**Problem statement:** With pictures left out, output word for word the lines from the one containing "Pļavas gandrene Splish Splash 1 gab" through the end of the material below.

^^^^

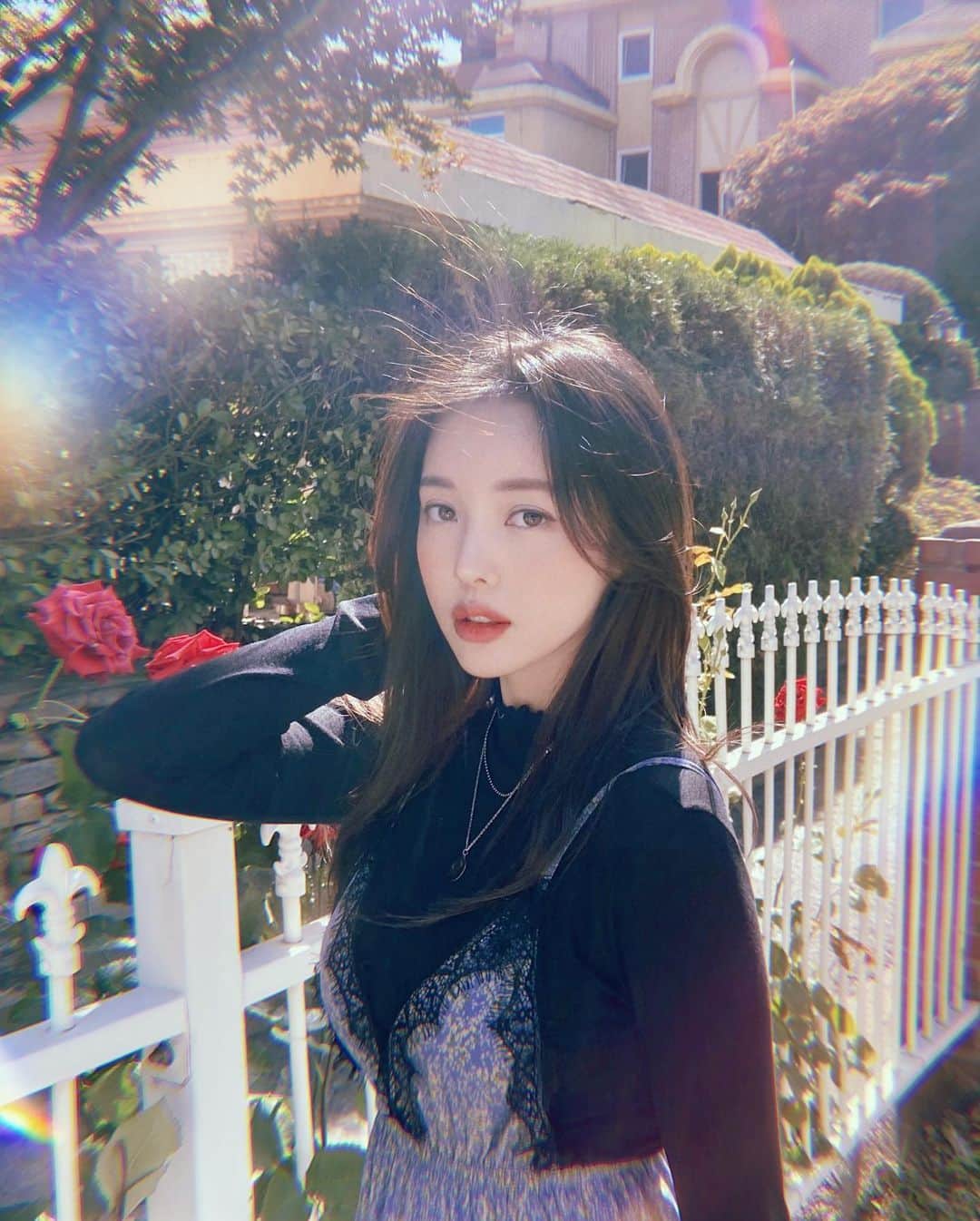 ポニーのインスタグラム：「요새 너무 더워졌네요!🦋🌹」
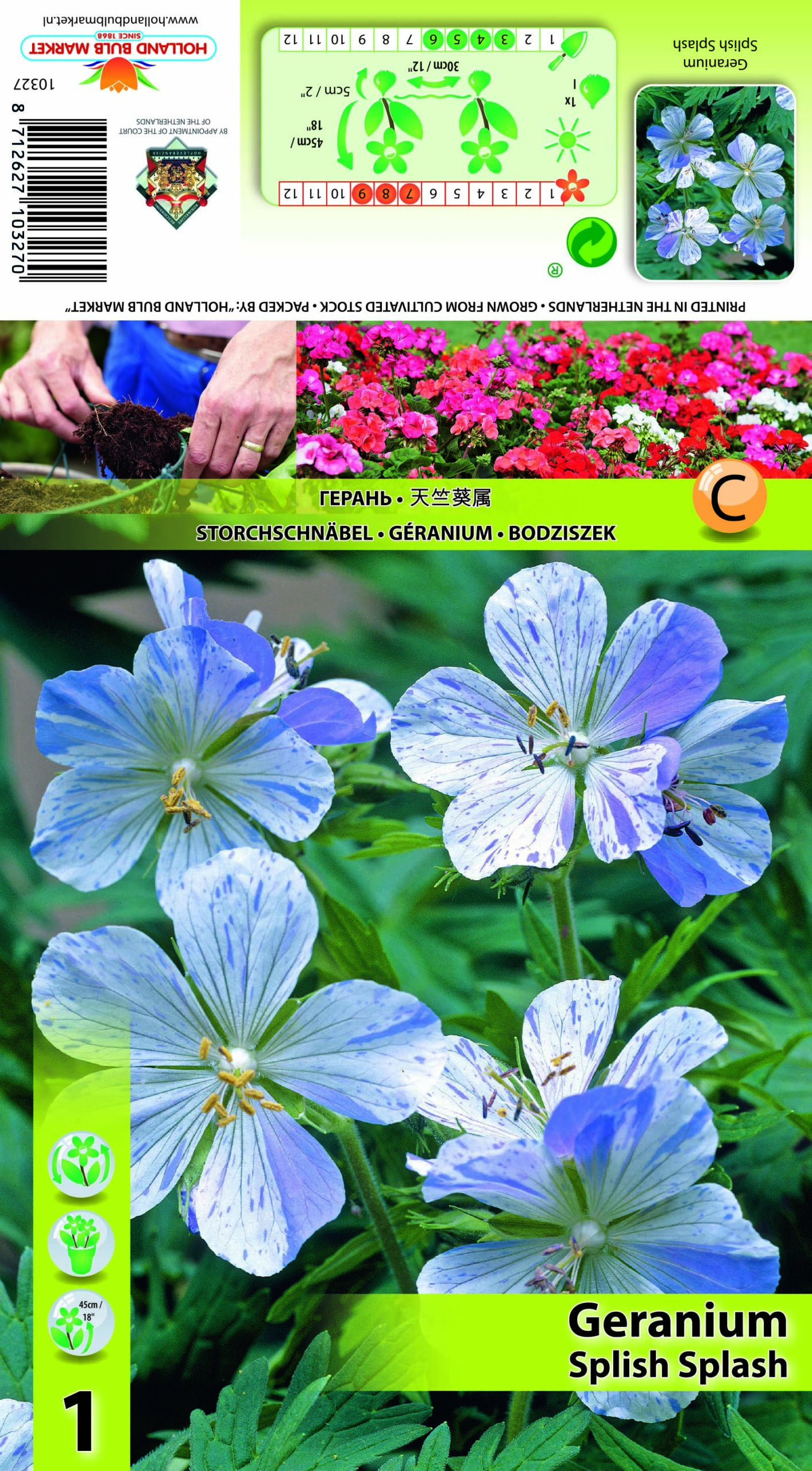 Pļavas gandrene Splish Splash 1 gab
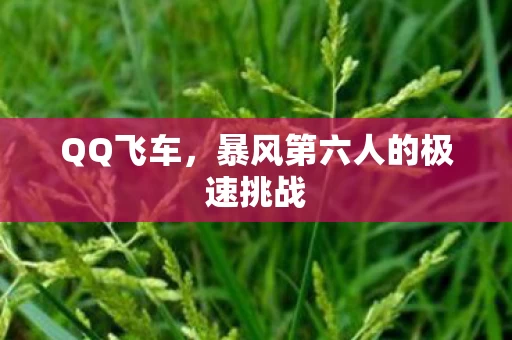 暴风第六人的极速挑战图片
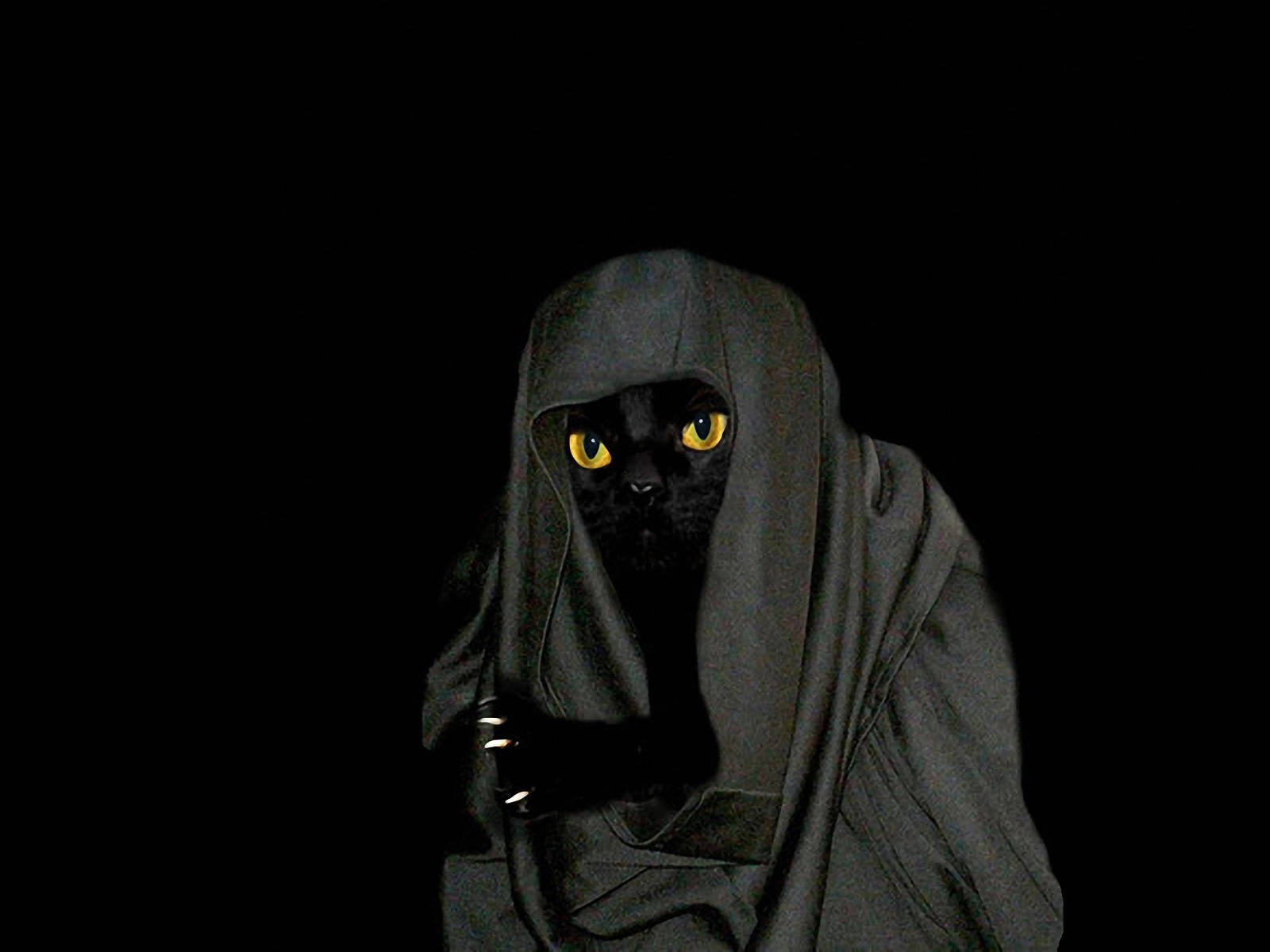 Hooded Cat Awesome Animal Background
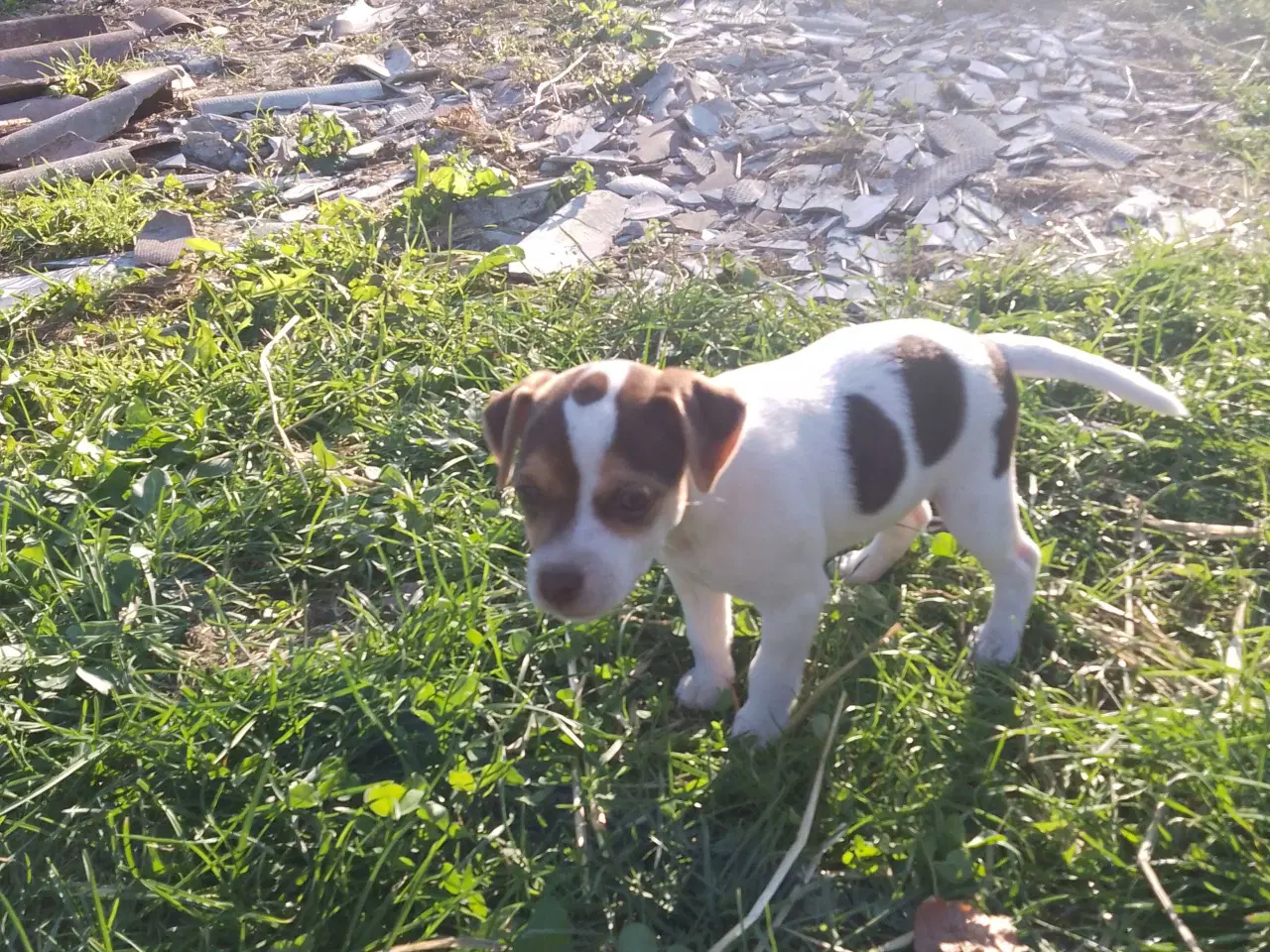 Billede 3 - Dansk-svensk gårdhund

^^^^

**Reply:**
 Pļavas gandrene Splish Splash 1 gab
 暴风第六人的极速挑战图片
 Hooded Cat Awesome Animal Background
 Billede 3 - Dansk-svensk gårdhund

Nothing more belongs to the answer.